Alabama, Georgia, Indiana, South Carolina, and Utah have all passed similar bills, with Alabama the only state to require school children to prove their legal status. In 1982 the Supreme Court declared a Texas law, similar to that recently passed in Alabama, unconstitutional in Plyler v. Doe.
The Department of Justice challenged the Arizona law on the ground that it usurped federal responsibilities to make and enforce policies relating to immigration and to other nations. According to Arizona Gov. Jan Brewer, her state was forced to pass its own legislation because the federal government had failed to deal with illegal immigration.
“I signed SB 1070 into law because it was the right thing to do,” Brewer said in an April 23 statement. “I have a duty and obligation to defend the people of Arizona, especially when the federal government has fallen down on the job.”
Brewer cited a recent Fox News poll and donations for Arizona’s legal fees as proof that most Americans support Arizona’s law. The poll, conducted April 9–11, showed 65 percent of people nationwide support Arizona’s law, based on a sample of 910 registered voters.

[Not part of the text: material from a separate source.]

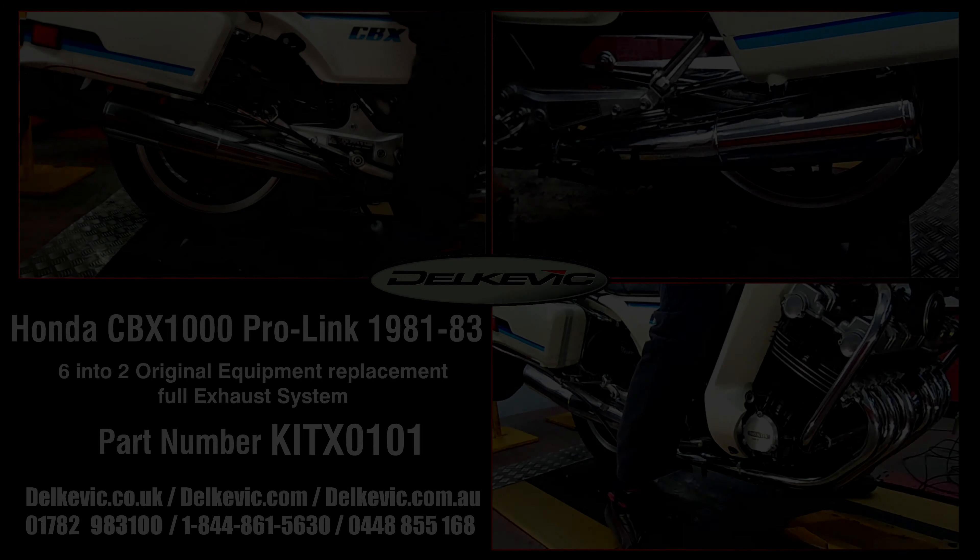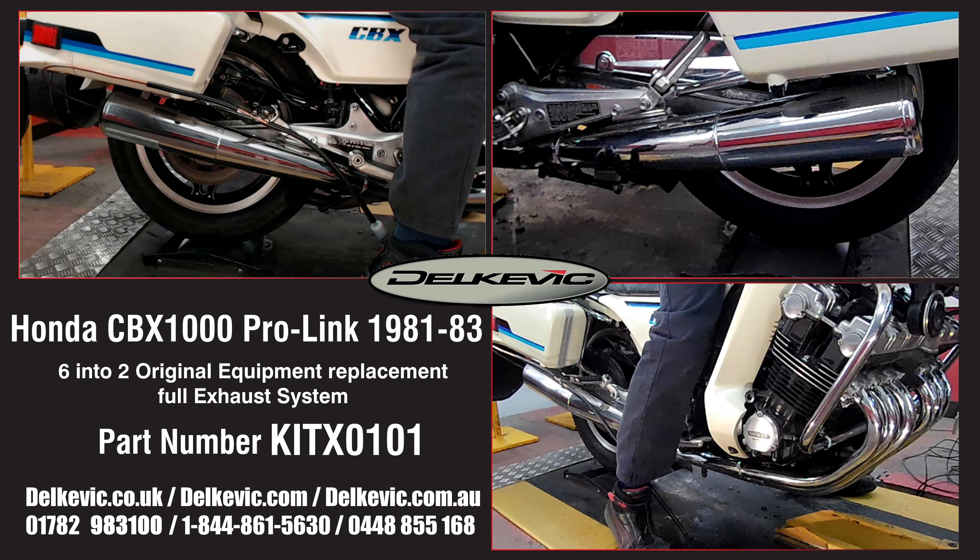Welcome to Delcovic on YouTube. This replacement CBX 1000 exhaust system is as accurate a replica of the Honda CBX exhaust system as we were able to produce. Delcovic have successfully made the appearance, performance and internal design as close to the original exhaust system as possible, with double-walled construction for the downpipes exactly matching the originals.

In a congressional briefing, the ACLU described SB 1070 as institutionalized racial profiling. Racial profiling is illegal. “Supporters of these laws want to drive out Latinos by making life so miserable for them that they have no choice but to flee the state. Through these recently passed racial profiling laws, states like Arizona and Alabama are fighting for the authority to determine the racial composition of their population,” according to Laura Murphy, director of the ACLU Washington Legislative Office, on the ACLU blog.
Murphy compared SB 1070 and the other state immigration laws to Jim Crow laws, designed to deprive African-Americans of civil rights after Reconstruction.

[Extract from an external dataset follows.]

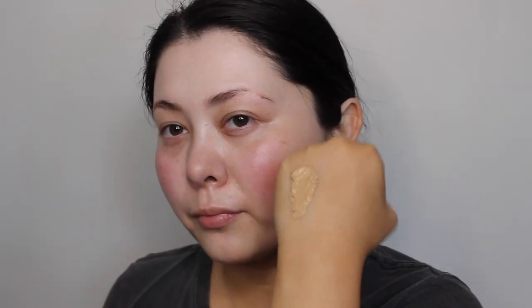This foundation has quite a unique texture. I always apply it by pumping it to the back of my hand and then patting it into my skin with a brush. It's definitely not a watery, liquidy foundation — it's more of a cream texture. It's quite a stiff formula and won't run, but the most unique part is that even though it's such a thick foundation on your hand, when it goes onto your skin it is so easy to blend out.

States need workers for certain jobs in agriculture and in the tourism and hospitality industries—illegal immigrants commonly do those jobs. Migrant farmworkers, essential to harvesting crops, are often illegal immigrants from Latin America. Farmers and local businesses, in both Alabama and Georgia, suffered because immigrants fled after the immigration laws were passed.
Supporters of the laws cite crimes by illegal immigrants, high unemployment, car accidents by uninsured and unlicensed illegal immigrant drivers, and financial drain on local government services, as reasons the laws are needed.
Former President George W. Bush called for comprehensive immigration reform. Current President Barack Obama has promised to deliver it if he is elected to a second term.
Meanwhile, the Obama administration has broken records for deportations. Under the Secure Communities program, U.S. Immigrations and Customs Enforcement (ICE) officially targets immigrants guilty of other crimes for deportation. It also targets immigrants who recently overstayed their visas, whether they have a criminal record or not.
In fiscal year 2011, ICE “removed 396,906 individuals—the largest number in the agency’s history. Of these, nearly 55 percent, or 216,698, were convicted of felonies or misdemeanors—an 89 percent increase in the removal of criminals since FY 2008,” according to an announcement from ICE Director John Morton.
According to the ACLU, these federal programs are also problematic. “Congress, the Department of Homeland Security, and the Justice Department must terminate all federal programs and practices, including Secure Communities and the 287(g) programs, that foster racial profiling of Latinos and other racial and ethnic minorities,” Murphy said.